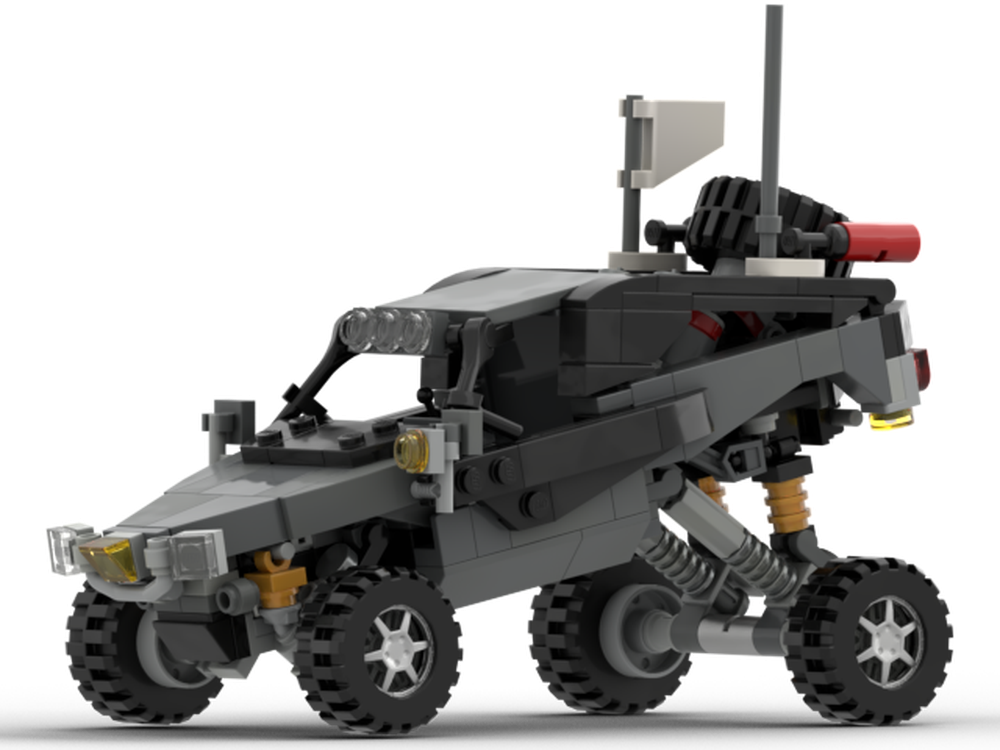Lego BAJA car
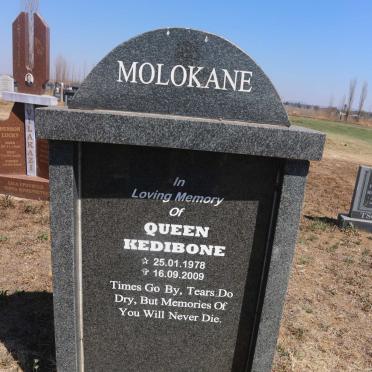 MOLOKANE Queen Kedibone 1978-2009
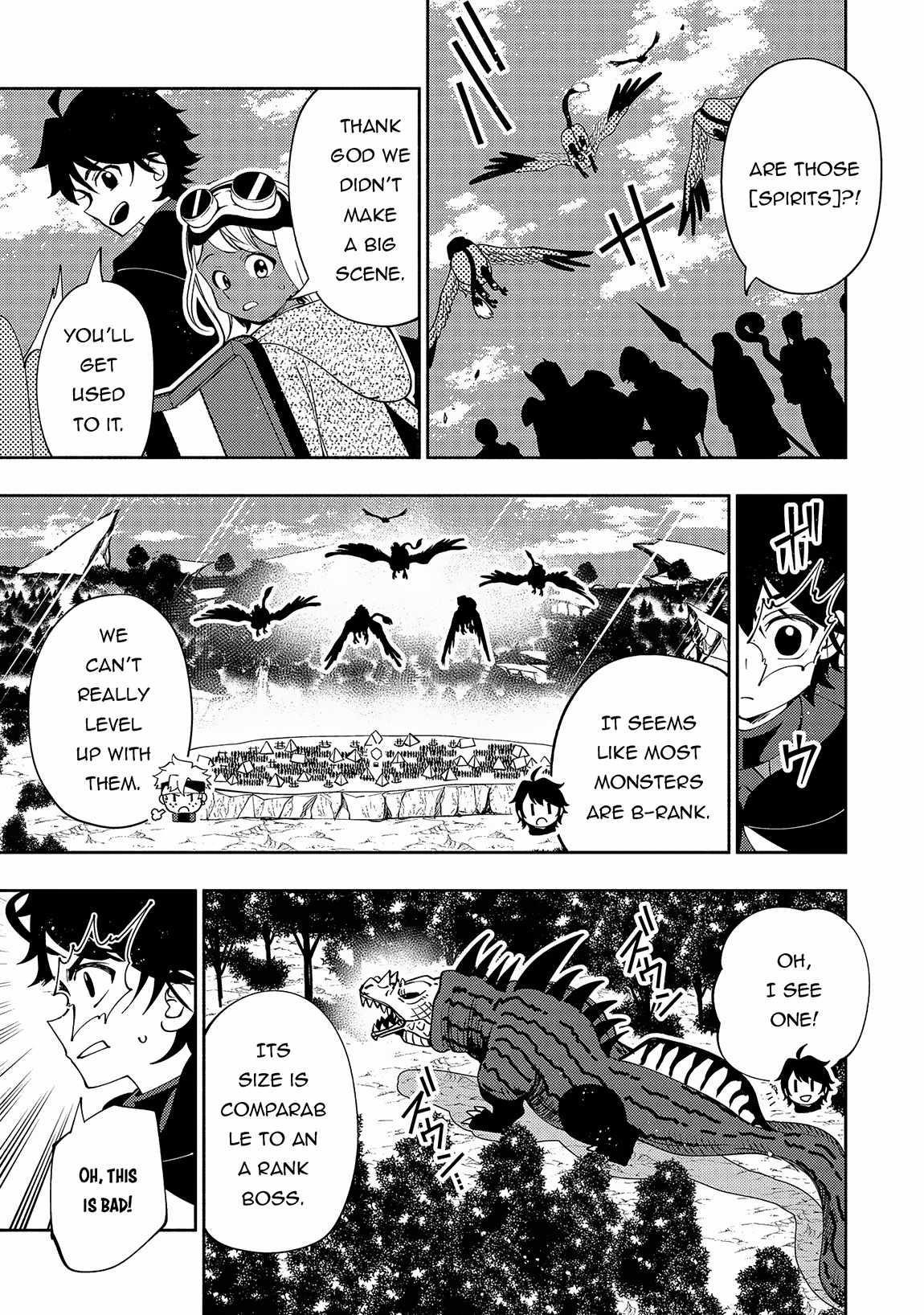 Hellmode ~Gamer Who Likes to Speedrun Becomes Peerless in a Parallel World with Obsolete Setting~ Chapter 58 - Page 11 in English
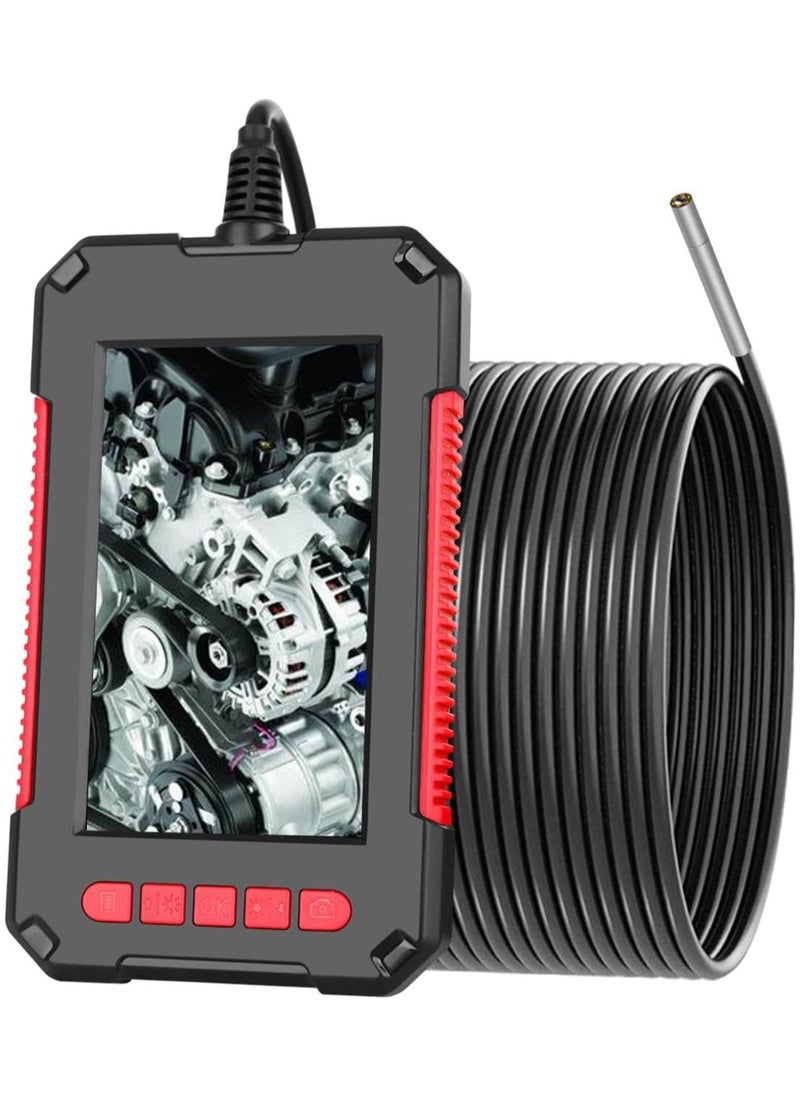 AROAQ Reliable Industrial Endoscopic IP67 Waterproof Snake Camera 5-7H Work Time with 6 LED Lights Handheld 1280x720P Borescopes, 3.9mm 2m Hard Wire  - Image 1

----

* **Your task**
Output the data above exactly. Drop every picture.

* **Output for this task**
Lego BAJA car
 MOLOKANE Queen Kedibone 1978-2009
 Hellmode ~Gamer Who Likes to Speedrun Becomes Peerless in a Parallel World with Obsolete Setting~ Chapter 58 - Page 11 in English
 AROAQ Reliable Industrial Endoscopic IP67 Waterproof Snake Camera 5-7H Work Time with 6 LED Lights Handheld 1280x720P Borescopes, 3.9mm 2m Hard Wire  - Image 1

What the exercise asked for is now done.